§ TRY IT:
Please copy every record below exactly, leaving out the pictures.

§ GIVEN RECORDS:
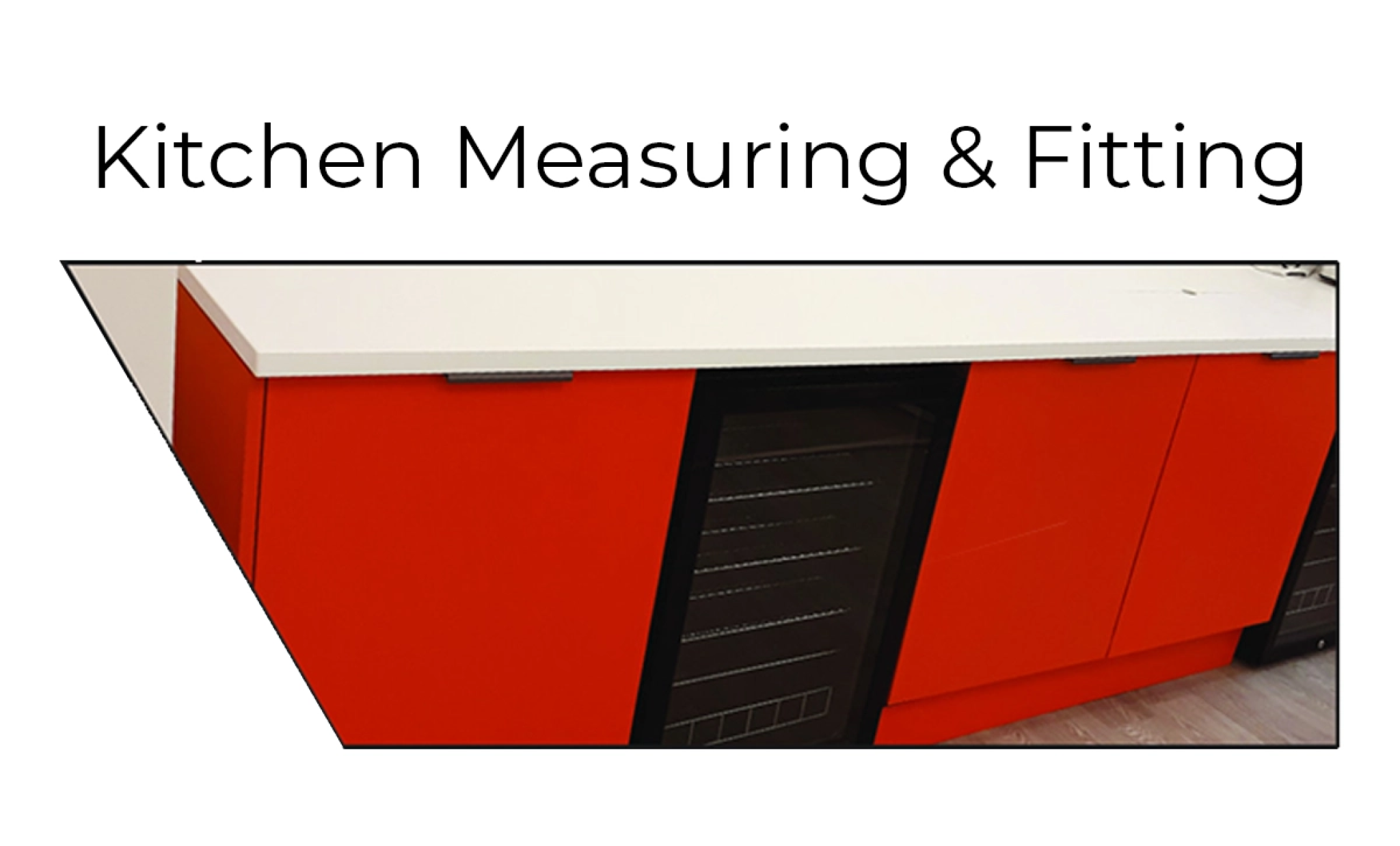 Kitchen Measuring and Fitting Mobile compressed.png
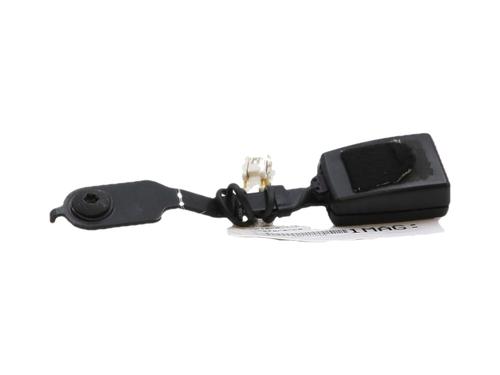 Seat buckle CITROËN C3 II (SC_) 1.4 HDi 70 (SC8HZC, SC8HR0, SC8HP4) | BP39703224I32 - Image 3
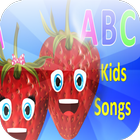 Abc Songs for Kids simgesi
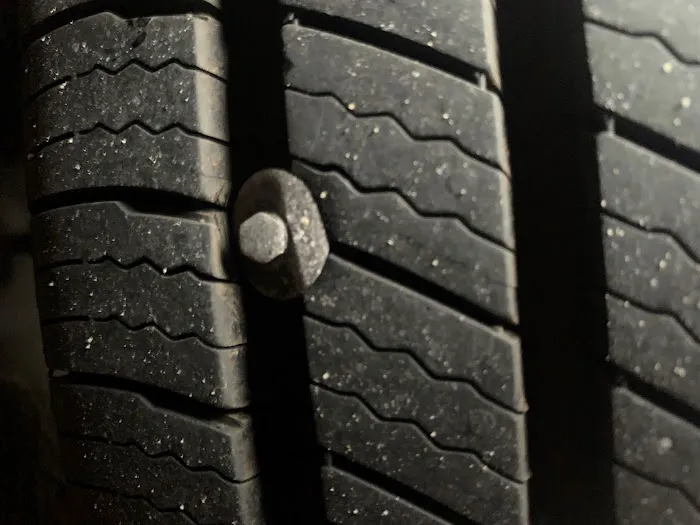 Firestone Complete Auto Care 6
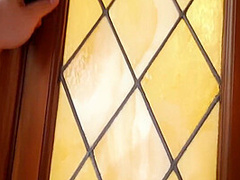 Young Girl Do To His Boyfriend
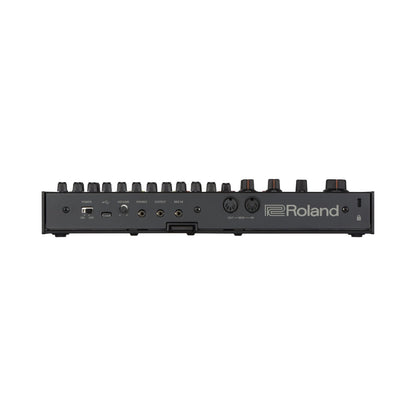 Roland TR-08 Rhythm Composer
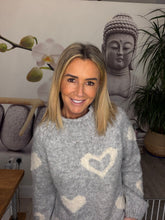 Load image into Gallery viewer, Nancy
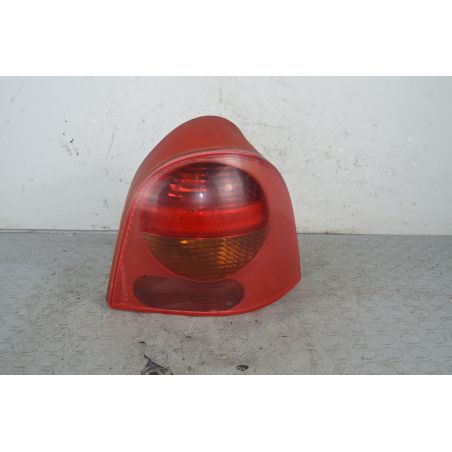 Fanale Stop posteriore DX Renault Twingo Dal 2000 al 2007 Cod 7700426320  1725954376825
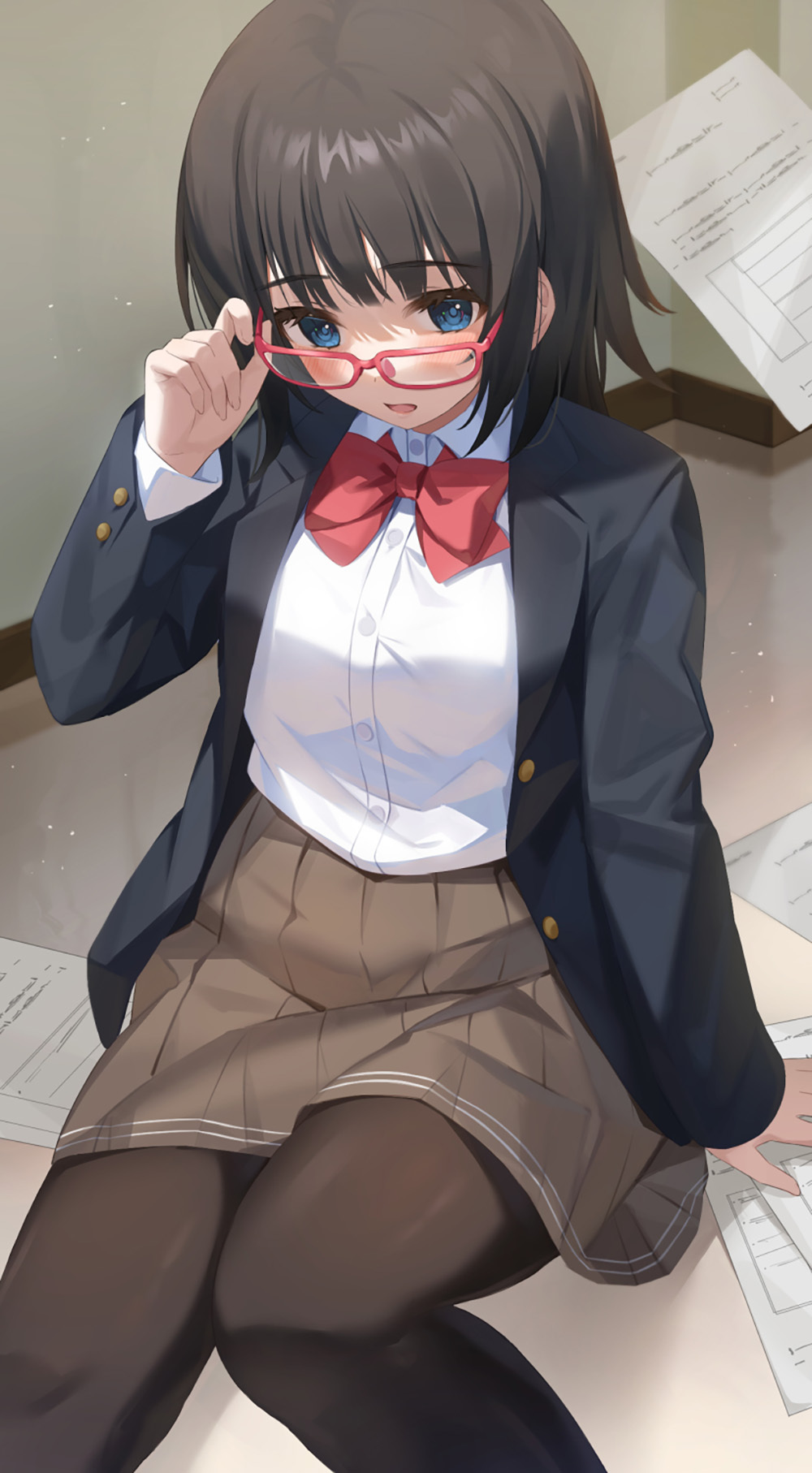 97512055_p0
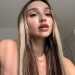 looking for sex is ExcitingArtisthaeeai , 34 from from Maineville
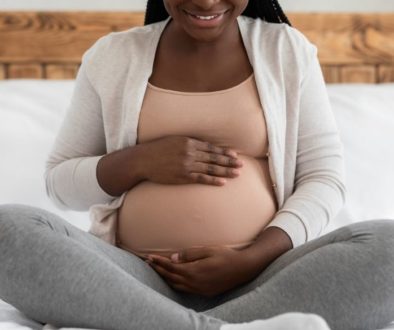 childbirth tips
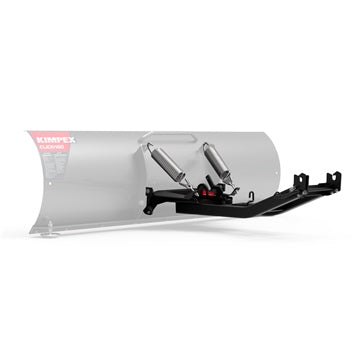 Kimpex Push Frame Click N Go LT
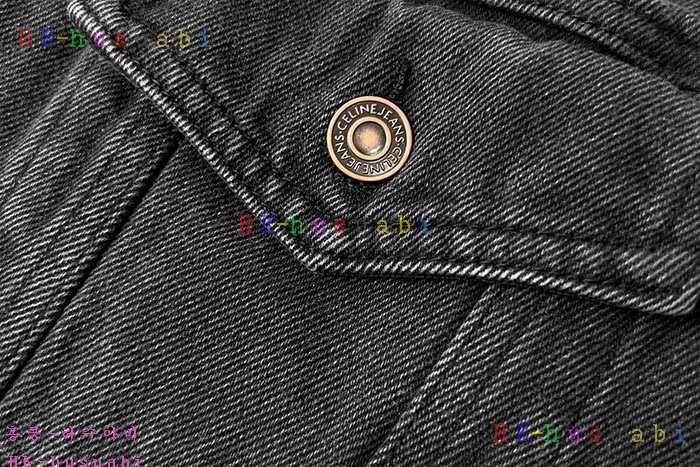 NEW ������ ���� �Ż� C 5520442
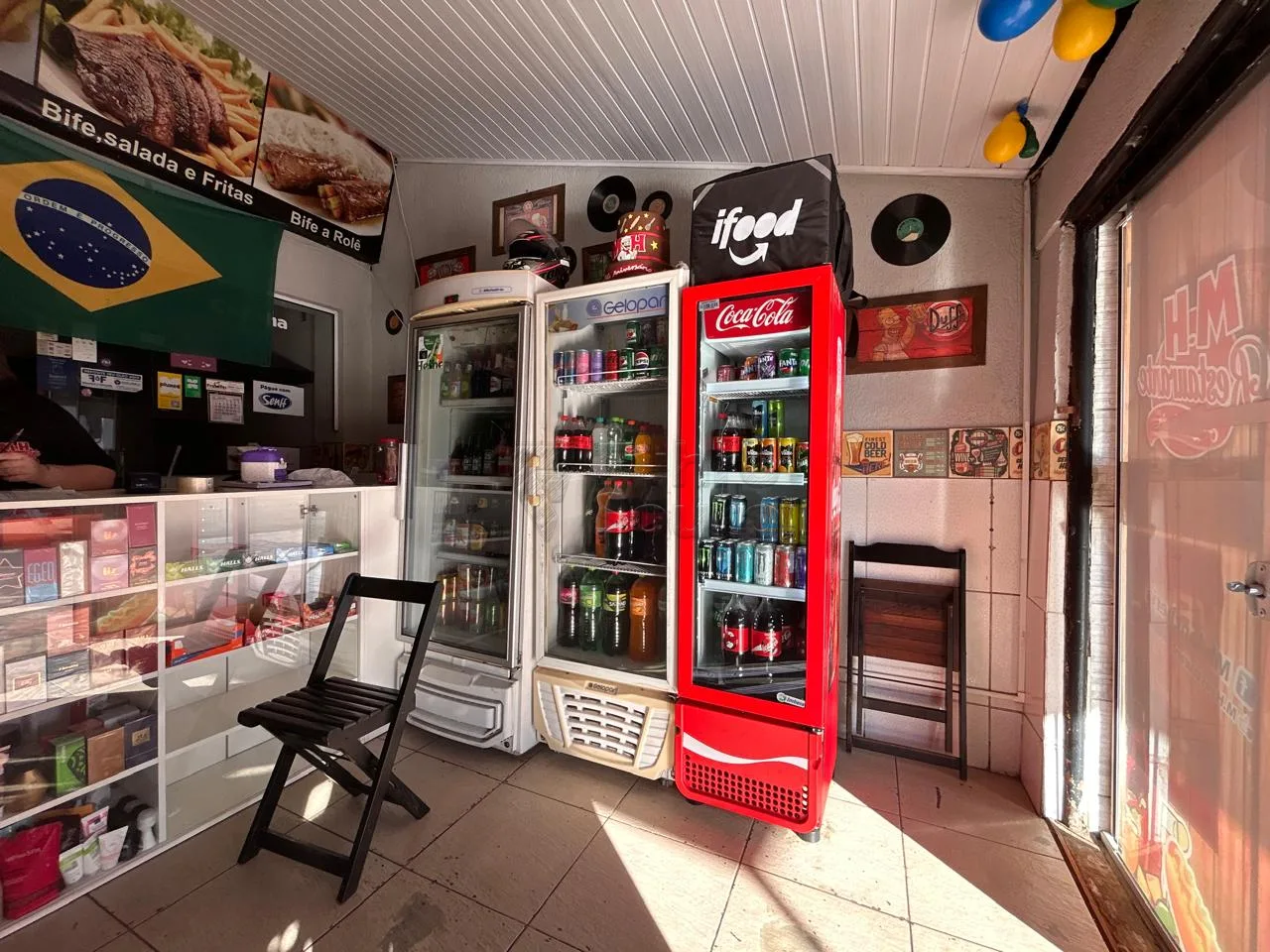 Comprar Comercial / Pr&eacute;dio em Pelotas R$ 750.000,00 - Foto 1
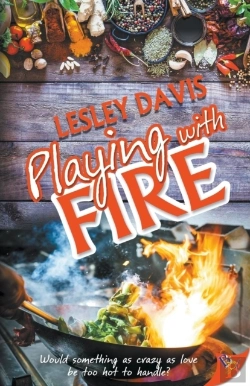 Bertrand.pt - Playing With Fire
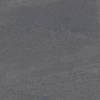 Керамогранит Kerama Marazzi Про Матрикс DD602420R антрацит обрезной 60x60
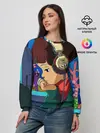  / 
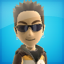 LDraven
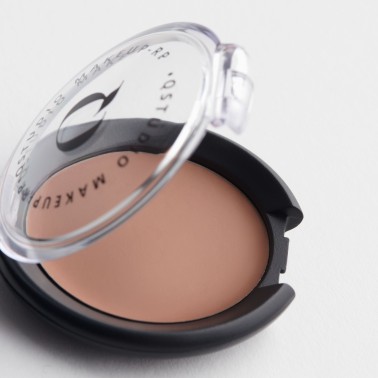 CORRETTORE COVER CREAM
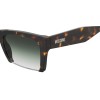 Moschino Mos196/S 208176 086 9K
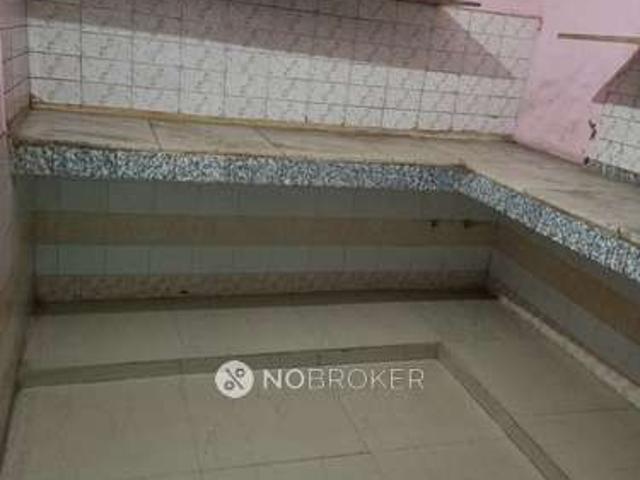1 BHK House for Rent In Patel Nagar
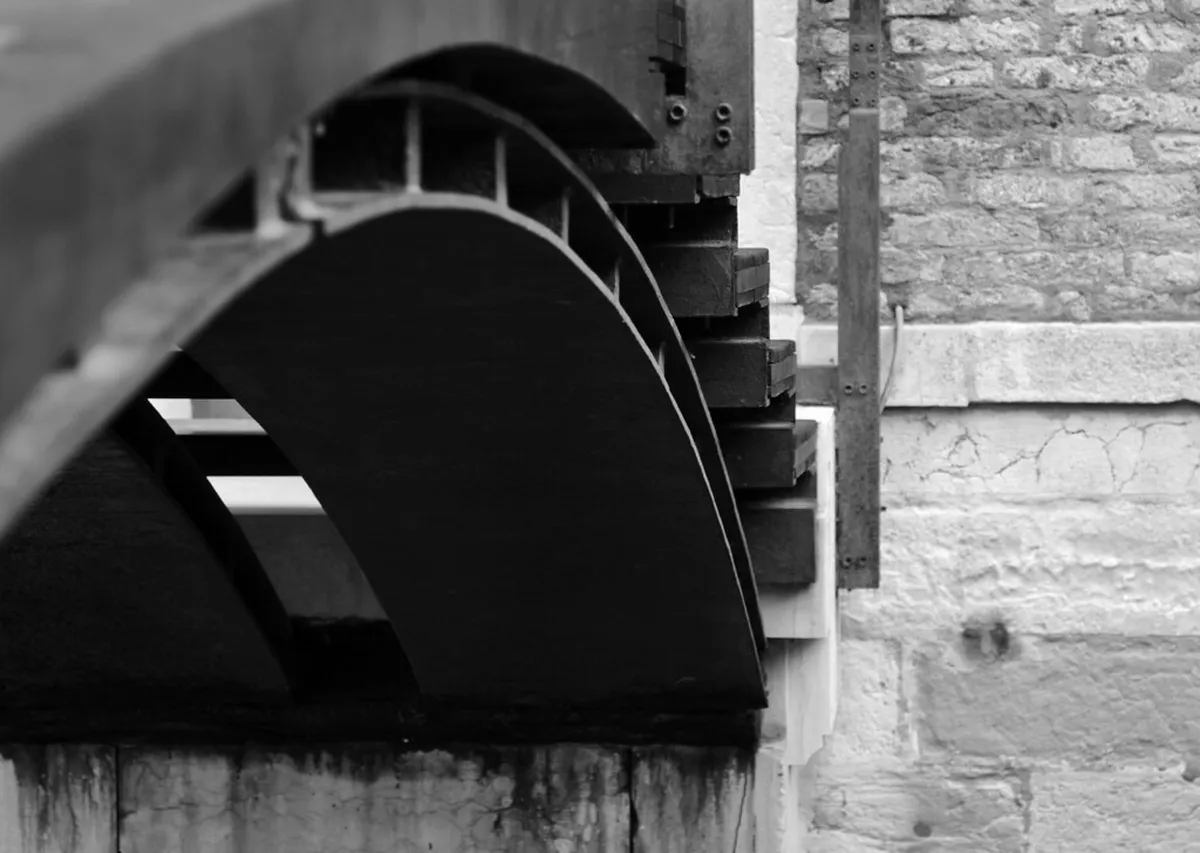 Fondazione Querini Stampalia Visitor Guide: History, Art & Practical Tips
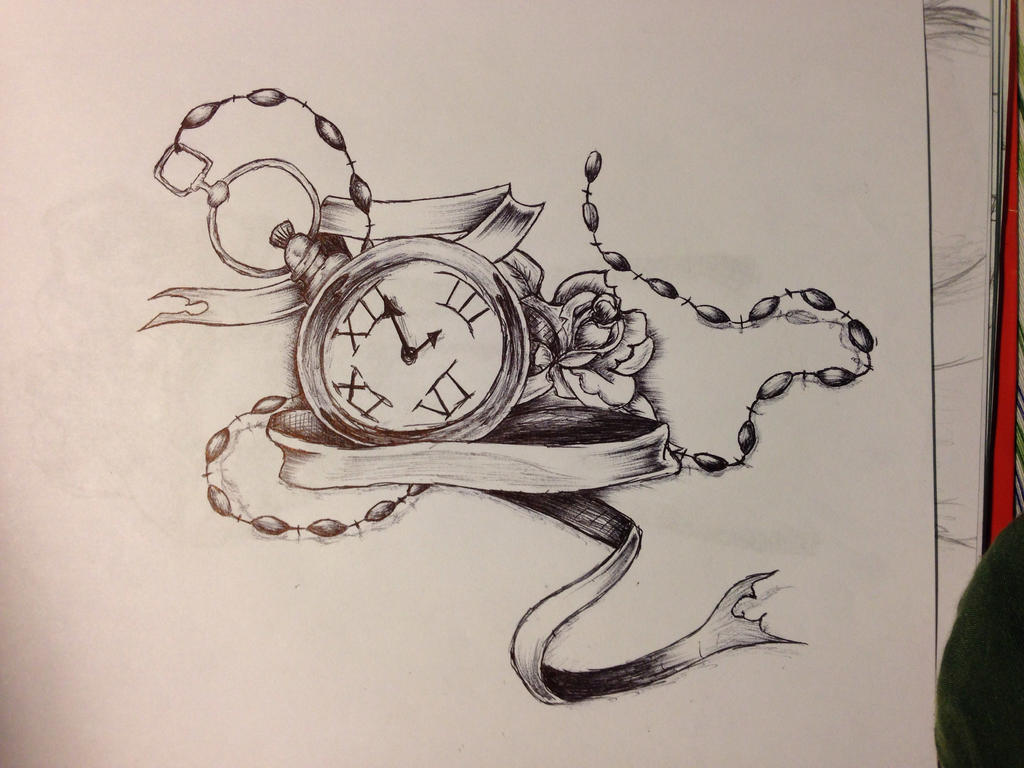 Like Clockwork Deviantart Like clockwork. by Damiannnnnnn on DeviantArt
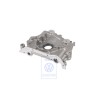 VW Original Brida Estanqueidad - 078103151B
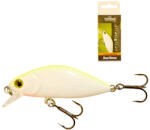 WIZARD ghost minnow slow sinking 2m 5cm 4g wy (82751-801) - nextfish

§ RESPONSE TO THE EXERCISE:
 Kitchen Measuring and Fitting Mobile compressed.png
 Seat buckle CITROËN C3 II (SC_) 1.4 HDi 70 (SC8HZC, SC8HR0, SC8HP4) | BP39703224I32 - Image 3
 Abc Songs for Kids simgesi
 Firestone Complete Auto Care 6
 Young Girl Do To His Boyfriend
 Roland TR-08 Rhythm Composer
 Load image into Gallery viewer, Nancy
 Fanale Stop posteriore DX Renault Twingo Dal 2000 al 2007 Cod 7700426320  1725954376825
 97512055_p0
 looking for sex is ExcitingArtisthaeeai , 34 from from Maineville
 childbirth tips
 Kimpex Push Frame Click N Go LT
 NEW ������ ���� �Ż� C 5520442
 Comprar Comercial / Pr&eacute;dio em Pelotas R$ 750.000,00 - Foto 1
 Bertrand.pt - Playing With Fire
 Керамогранит Kerama Marazzi Про Матрикс DD602420R антрацит обрезной 60x60
  / 
 LDraven
 CORRETTORE COVER CREAM
 Moschino Mos196/S 208176 086 9K
1 BHK House for Rent In Patel Nagar
 Fondazione Querini Stampalia Visitor Guide: History, Art & Practical Tips
 Like Clockwork Deviantart Like clockwork. by Damiannnnnnn on DeviantArt
 VW Original Brida Estanqueidad - 078103151B
 WIZARD ghost minnow slow sinking 2m 5cm 4g wy (82751-801) - nextfish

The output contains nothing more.